WWF-Russia suggests strengthening supervision on recreational fishing for salmon
Recreational fishing is very different from commercial fishing because of its much lower negative impact on the environment. However, if conducted without proper supervision, recreational fishing can become a cover for illegal activity and threaten rare species.
Recreational fishing for king salmon in West Kamchatka is a striking example of such transformation. While sport anglers follow all the legislative rules for getting a fishing permit, there are no strict regulations to control and register the catch. Leaseholders, who sell those fishing permits to anglers, have been extremely lenient.
There is no direct legislative obligation to match a fishing permit to the actual catch. It is ultimately up to the leaseholder whether or not to write the catch information into the fishing log. With a quota of 500 kilograms, an unethical leaseholder can sell any number of fishing permits as long as he omits the catch information in the fishing log.
Since there are no official marks on the fishing permit proving the catch is legal, there are also no guarantees of the catch’s legal origin. An angler can fish anywhere, even on the other nearby rivers, if he has a fishing permit.

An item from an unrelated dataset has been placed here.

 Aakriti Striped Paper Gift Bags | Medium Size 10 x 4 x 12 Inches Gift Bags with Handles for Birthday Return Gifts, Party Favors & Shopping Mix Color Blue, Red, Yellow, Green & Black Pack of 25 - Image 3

WWF-Russia suggests adding some points to the Fishing Regulations. For example, experts consider it important that both leaseholders and anglers be required to officially register the catch by entering information in the fishing log as well as on the fishing permit. The marked permits will guarantee the legal origin of the catch while the data from the fishing log will help monitor the quota daily.
Another suggestion is to limit the number of fishing permits to the quota size and monitor it daily. Selling of permits and fishing must be conducted on the same day so the number of permits will not exceed quota. The released catch will not be registered in the fishing log and won’t influence the quota.